Associazione per i popoli minacciati / Comunicato stampa in
www.gfbv.it/2c-stampa/2009/090320it.html

La Birmania costruisce una recinzione alla frontiera con il Bangladesh
Tagliata la via di fuga alla minoranza Rohingya - Cresce il pericolo di nuove ondate di Boatpeople

Bolzano, Göttingen, 20 marzo 2009

La Birmania ha avviato la costruzione di un solido recinto che percorrerà i 200 km di frontiera con il Bangladesh. Nelle intenzioni del governo birmano, questa misura dovrebbe evitare la fuga degli oppositori al regime, tra cui anche la minoranza musulmana dei Rohingya che in Birmania è vittima di massicce persecuzioni. A questo punto ai Rohingya resta solo la via di fuga per mare e l'Associazione per i Popoli Minacciati (APM) teme ora un drastico aumento dei Boatpeople. In gennaio e febbraio 2009 centinaia di Rohingya avevano attirato l'attenzione dell'opinione pubblica mondiale dopo aver tentato la fuga per mare in piccole barca da pesca.

Da gennaio 2009 la giunta militare birmana ha notevolmente rafforzato la presenza militare lungo la frontiera finora non fortificata con il Bangladesh. Ai quattro battaglioni dell'esercito già presenti, si sono aggiunti altri tre e sono state costituite e stazionate truppe in 27 comunità situate lungo il fiume di frontiera Naaf. Secondo le testimonianze di alcuni Rohingya fuggiti, la popolazione locale è stata costretta al lavoro forzato e a fare da portatore per i rifornimenti e le munizioni delle truppe.

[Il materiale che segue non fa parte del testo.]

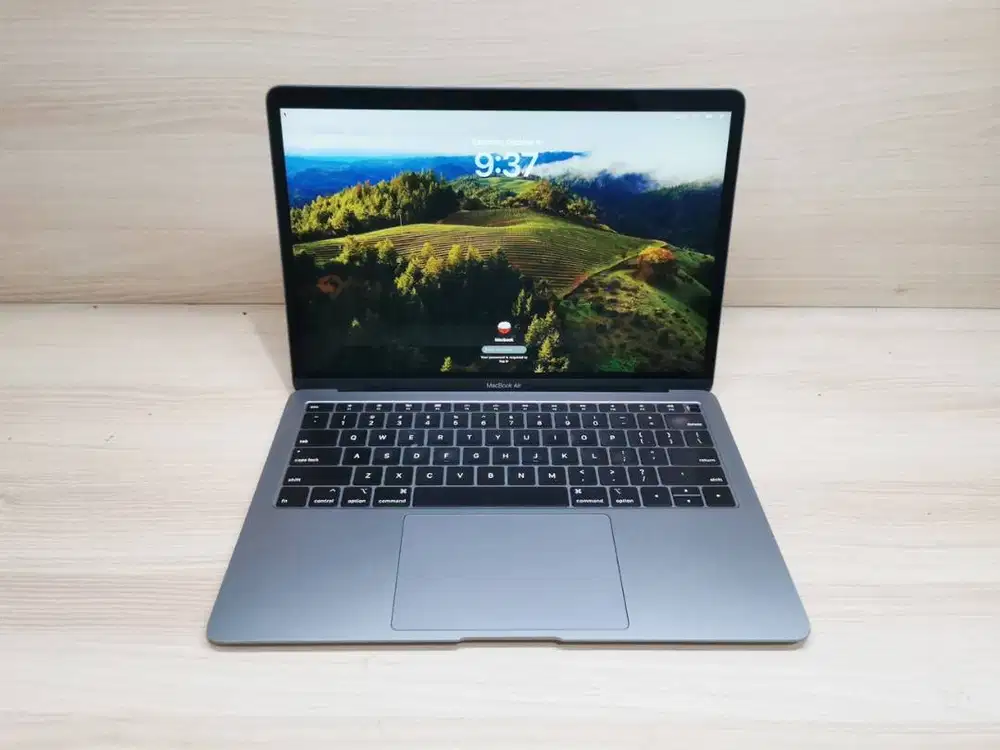 Macbook Air 2019 13inch Core i5 8GB 512GB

Da anni l'Organizzazione internazionale del lavoro (ILO) critica la giunta militare birmana per la pratica sistematica di costringere le persone appartenenti a minoranze etnico-religiose ai lavori forzati.

Dalla fine degli anni '70 ad oggi diverse centinaia di migliaia di Rohingya sono fuggiti in Bangladesh. I governi della Birmania e del Bangladesh e l'Alto Commissario per i Profughi delle Nazioni Unite (ACNUR) hanno però ripetutamente organizzato espulsioni di massa, tant'è che attualmente solo 28.000 persone appartenenti a questa minoranza vivono nei due campi profughi ufficiali del Bangladesh. Altri 200.000 Rohingya circa restano in clandestinità per paura di essere rimpatriati e vivono in Bangladesh in condizioni umane e sociali catastrofiche.

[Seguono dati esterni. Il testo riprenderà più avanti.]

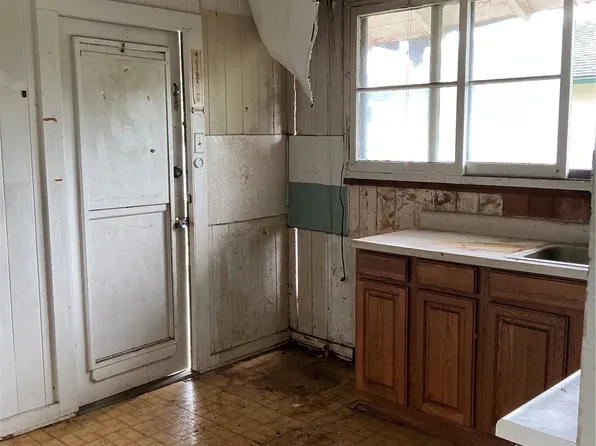 1915 California Ave, Wahiawa, HI 96786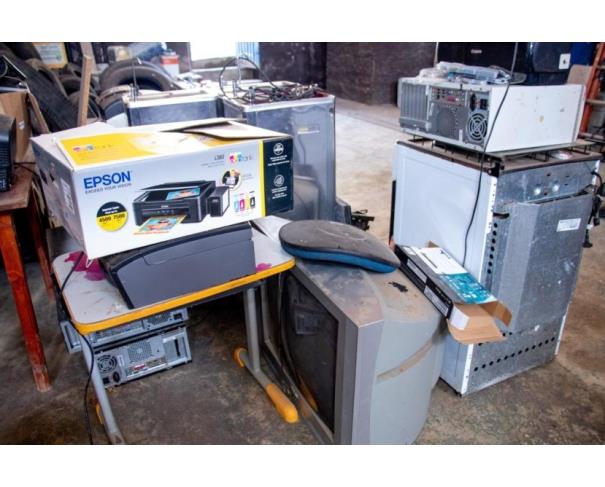 Foto de LOTE DE SUCATAS DIVERSAS, ARMÁRIOS, MATERIAIS INFORMÁTICA, ELETRONICOS, ETC, NO ESTADO EM QUE SE ENCONTRA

Solo questa settimana sono stati arrestati tre Rohingya che tentavano di passare la frontiera con il Bangladesh e che ora rischiano il rimpatrio forzato in Birmania. I circa 1,5 milioni di Rohingya musulmani che vivono nel paese a maggioranza buddista, non sono riconosciuti dalle autorità come cittadini birmani. Sono quindi privi di documenti d'identità e di conseguenza fortemente limitati nella libertà di movimento e impossibilitati a svolgere altre attività della vita quotidiana come p.es. sposarsi legalmente. Esposti a persecuzioni, tortura e arresti arbitrari, molti scelgono la via della fuga.

La loro terra, lo stato federale birmano di Arakan, è di grande importanza strategica per la vicina Cina, che nel 2009 dovrebbe avviarvi la costruzione di un oleodotto e gasdotto che trasporterà le materie prime dalla città portuale birmana di Kyaukphyu fino alla provincia cinese di Yunnan. A costruzione completata (prevista per il 2013) l'oleodotto e gasdotto dovrebbero trasportare petrolio dall'Africa e gas metano dall'Oceano Indiano garantendo così alla Cina il rifornimento veloce e sicuro delle fonti energetiche.